Most of us perceive time as something linear that we move or progress through from start to finish. The Inuit believe that time moves through us in a repeating and cyclical fashion; from this they have the word Uvatiarru, meaning both “in the past” and “in the future” at the same time. There are truths that are revealed in the passage of time, and when they are forgotten, they are discovered again in the next cycle.

Rites of the body are humanity’s earliest known form of communication with each other and with the spirit world — as far back as 30,000 years, we see everything from simple tattooing to rituals involving amputation of digits by shaman. Over the past 500 years, we humans have done our best to mask, and even expunge, these carnal voices, but they can not be silenced because they are who we are. Our bodies are vessels for these acts; we are designed, by hand of god or by hand of fate, to use our bodies to be the voice of the universe.

All over this world, people are responding to a growing feeling inside them, each in their own way and with their own dance, but driven by the same underlying unifying heartbeat. Some dance with a heritage and guidance, but most don’t know the names for the passions that drive them. A wind gathers in them and around them, and we’re watching it sweep through the world as we finally realize that the ultimate purpose of billions of unique puzzle pieces in different shapes and colors is, through the strength of their differences, to complete the puzzle that tells us who we are and what we are here to do.

The movie Uvatiarru attempts to take a picture of this storm.

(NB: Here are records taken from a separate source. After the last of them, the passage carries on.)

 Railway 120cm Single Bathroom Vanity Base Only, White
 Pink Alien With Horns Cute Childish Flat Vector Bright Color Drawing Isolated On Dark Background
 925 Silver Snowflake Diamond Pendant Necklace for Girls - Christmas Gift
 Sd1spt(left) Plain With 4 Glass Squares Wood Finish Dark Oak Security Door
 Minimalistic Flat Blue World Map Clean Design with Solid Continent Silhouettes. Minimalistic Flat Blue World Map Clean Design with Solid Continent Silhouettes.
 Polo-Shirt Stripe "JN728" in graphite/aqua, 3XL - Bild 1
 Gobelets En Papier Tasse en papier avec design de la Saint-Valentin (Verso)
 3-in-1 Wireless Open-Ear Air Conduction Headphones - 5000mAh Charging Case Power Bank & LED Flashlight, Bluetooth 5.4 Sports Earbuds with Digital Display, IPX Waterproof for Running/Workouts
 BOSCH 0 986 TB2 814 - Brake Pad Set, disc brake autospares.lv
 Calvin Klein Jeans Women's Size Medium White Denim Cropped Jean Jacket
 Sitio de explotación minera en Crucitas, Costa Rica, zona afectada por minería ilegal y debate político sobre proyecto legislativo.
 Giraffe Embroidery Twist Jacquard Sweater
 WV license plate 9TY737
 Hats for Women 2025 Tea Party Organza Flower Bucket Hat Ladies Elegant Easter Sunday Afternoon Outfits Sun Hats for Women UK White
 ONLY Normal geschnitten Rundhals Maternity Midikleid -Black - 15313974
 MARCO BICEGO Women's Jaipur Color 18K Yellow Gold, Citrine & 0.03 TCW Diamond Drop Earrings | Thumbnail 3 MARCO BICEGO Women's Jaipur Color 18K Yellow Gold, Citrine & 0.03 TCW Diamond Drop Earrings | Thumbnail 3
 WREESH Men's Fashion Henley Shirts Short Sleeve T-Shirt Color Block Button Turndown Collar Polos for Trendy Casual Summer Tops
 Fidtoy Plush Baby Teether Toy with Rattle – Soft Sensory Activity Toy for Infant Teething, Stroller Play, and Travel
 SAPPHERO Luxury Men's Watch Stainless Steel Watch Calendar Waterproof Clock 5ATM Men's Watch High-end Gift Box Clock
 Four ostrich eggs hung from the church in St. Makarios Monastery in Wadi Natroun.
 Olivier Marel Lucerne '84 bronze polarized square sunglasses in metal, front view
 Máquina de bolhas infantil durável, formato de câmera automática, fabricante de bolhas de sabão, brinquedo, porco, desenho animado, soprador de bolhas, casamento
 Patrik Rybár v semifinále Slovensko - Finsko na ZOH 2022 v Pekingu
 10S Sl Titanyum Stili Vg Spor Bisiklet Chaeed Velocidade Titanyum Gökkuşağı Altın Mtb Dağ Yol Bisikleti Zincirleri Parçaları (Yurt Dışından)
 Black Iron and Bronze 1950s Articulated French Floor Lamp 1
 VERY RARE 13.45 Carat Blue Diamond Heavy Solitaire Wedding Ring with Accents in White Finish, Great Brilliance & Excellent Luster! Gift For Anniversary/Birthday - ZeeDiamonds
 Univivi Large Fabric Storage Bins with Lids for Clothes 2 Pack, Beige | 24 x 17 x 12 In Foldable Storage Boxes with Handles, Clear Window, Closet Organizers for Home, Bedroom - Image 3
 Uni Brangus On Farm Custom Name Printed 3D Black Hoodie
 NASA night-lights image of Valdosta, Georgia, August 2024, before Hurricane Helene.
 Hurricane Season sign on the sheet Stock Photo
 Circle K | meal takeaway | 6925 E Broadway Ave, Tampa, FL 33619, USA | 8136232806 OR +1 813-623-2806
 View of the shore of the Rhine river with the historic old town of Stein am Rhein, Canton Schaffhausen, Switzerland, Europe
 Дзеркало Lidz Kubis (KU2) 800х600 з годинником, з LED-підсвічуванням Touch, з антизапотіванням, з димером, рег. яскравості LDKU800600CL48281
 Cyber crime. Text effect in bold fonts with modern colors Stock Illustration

Shot on location in over a dozen countries with hundreds performance artists, social deviants, and modern shaman, Uvatiarru is the result of nearly ten years of preparation and filming by Shannon Larratt and BMEzine.com. The film features amazing performances, including all manner of body modification, suspension, piercings, body part removals and reshapings, fireplay, astral travel, and adventure.

Uvatiarru is “coming soon.” As of Summer 2005, we are filming our final scenes, and the movie is in the editing stage. Anticipated limited theatrical, festival, and DVD release is for May 2006.